For what its worth, here are my thoughts on them. 

I dont like Flora for her body and udder conformation - and I think her daughter Lotti has inherited her mother's weak points. 

Derryth has one of the best udders I have seen, and that excites me. She is standing terribly and I think stood differently she would be a whole lot more attractive. I think her daughter Angelina for the most part is a carbon copy of her mum, I'm waiting for better udder pics of her. 

Antoinette I like for her frame and conformation although it is a shame she lacks the depth and wedge of the others. Again waiting for udder pics.

Dalila I think is a very promising, very dairy little doe kid. 

J-Basqo - I'm located in Australia, and we just dont have the standards that you have in your dairy goats. The fact is, these are actually show goats, from one of the top breeders in the country. The steep rumps and poor udder conformation is pretty standard in this country - in fact, Derryth has one of the BEST udders I have seen. Also, they are British Alpines, not Toggs. You would call them a Sundgau(sp?) Alpine. 

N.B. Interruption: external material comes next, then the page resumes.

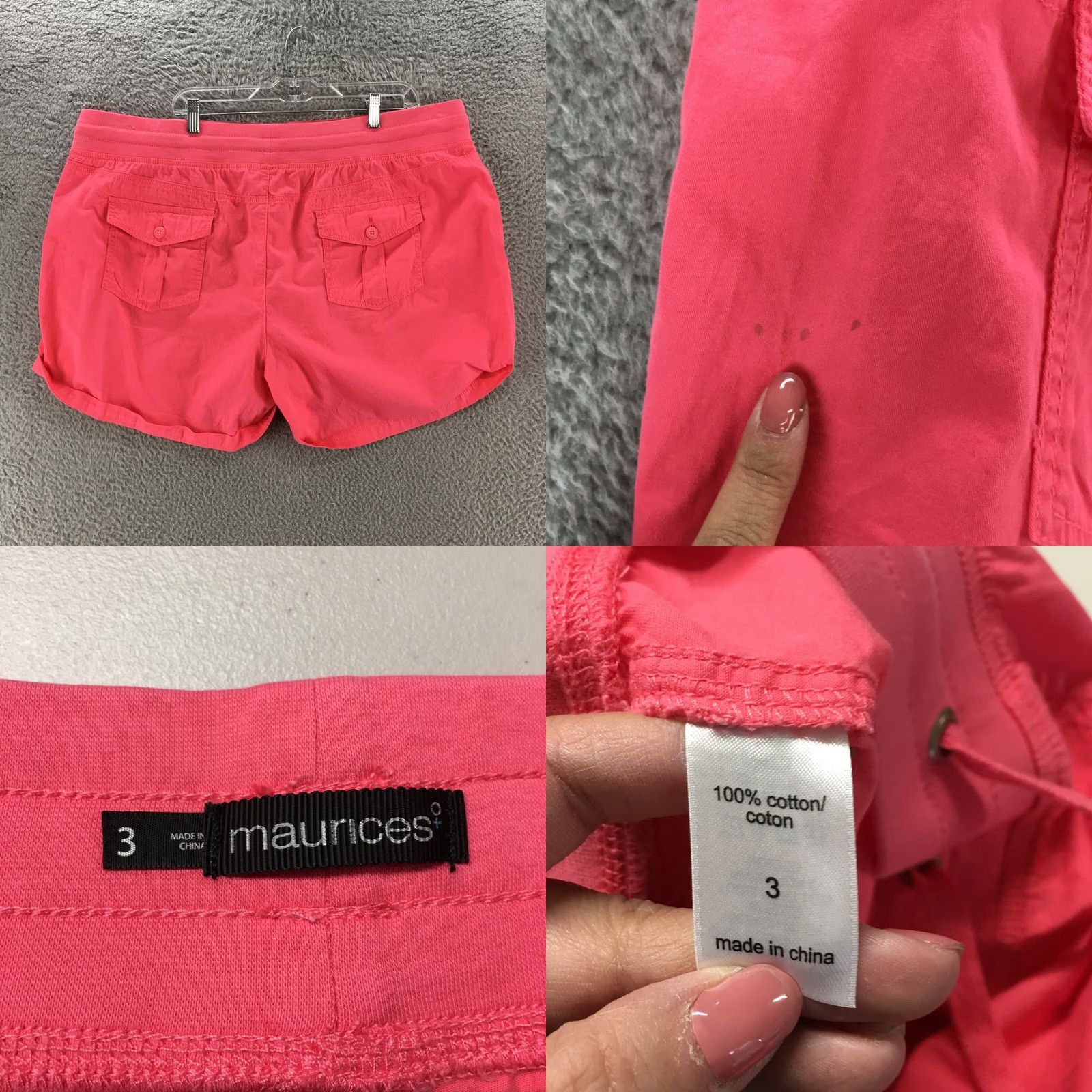 Vintage Maurices Board Shorts Womens 3 Pink Cotton Elastic Adjustable Waist Tie Pockets Size 26" / US 2 / IT 38 - 8 Thumbnail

Yes, I'm after show does in these, not just family milkers.


----------



## Dover Farms (Oct 16, 2007)

Good to see you Keren!!

So, how many can you get? lol I like Derryth and Dalila the best. Then Angelina and Antonietta. Like you said...Derryth udder looks pretty good for show stock over in Aussie and Dalila looks really promising...she's pretty nice structurally.


----------



## Herebegoats (Dec 30, 2009)

Ok first off, what are you looking for? Potential show animal? Back yard milker for producing milk for the table? Registered stock to sell? 

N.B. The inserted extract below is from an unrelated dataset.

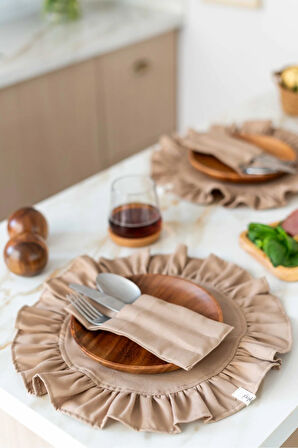 4Lü %100 Dak Keten Yuvarlak Fırfır Detaylı Amerikan Servis/ Supla KAHVERENGİ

If you are looking for anything show worthy these animals do not have it. Tooo many structural problems. For one thing Derryth and Flora have no front end at all. Their front legs are placed way to far forward, there is no depth of heart, no extension of the brisket. Why is this important? When you have a doe that is pregnant you need that strength and area in the chest to support heart and lungs when there is an additional burdon of babies. 

Flora has very little rear udder attachment to speak of. Even going dry.

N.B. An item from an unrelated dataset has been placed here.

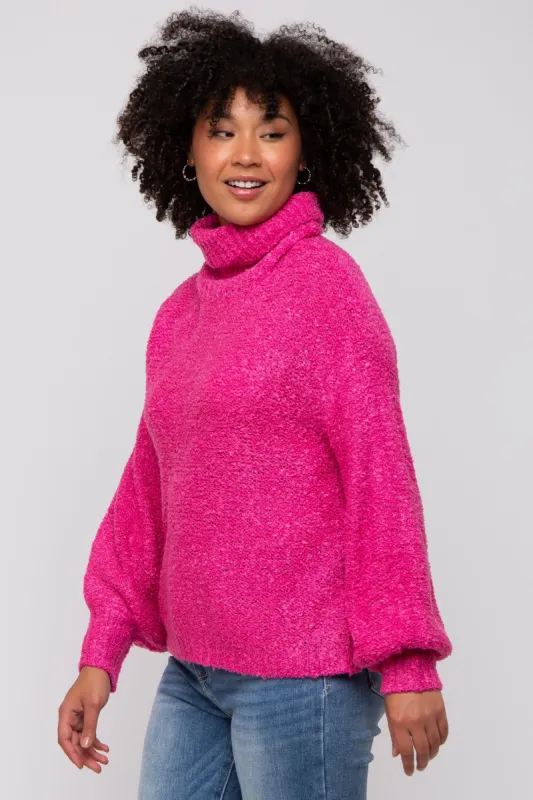 Magenta Knit Turtle Neck Sweater sold by Pinkblush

All are very steep rumped. Rumps that are too steep can predispose animals to kidding problems.

Toplines are very poor, they all look "downhill". The natural carriage of a dairy goat should be flowing upwards....an uphill stance and carriage.

Antoinetta also looks to have very splayed toes and is weak in both front and rear pasterns.

Derryth has a decent udder but she has so many other structural problems I would just be afraid to "go there". Look at how she has to park herself out in the front, standing naturally. The front legs should ideally be placed just under the withers. And her rump is the most steep out of all of the does pictured.

The best animal there IMHO is Dalia, the kid.

I am really not trying to sound mean here at all. But too many new people are taken advantage and spend $$ on goats that just will not meet their expectations in the future.....

Kelley


----------



## Herebegoats (Dec 30, 2009)

Attached is a photo of an ideal dairy goat. This is the 2005 Lamancha National Champion. Yes I know it is an extreme thing to pick out a national champion against everyone else's goats.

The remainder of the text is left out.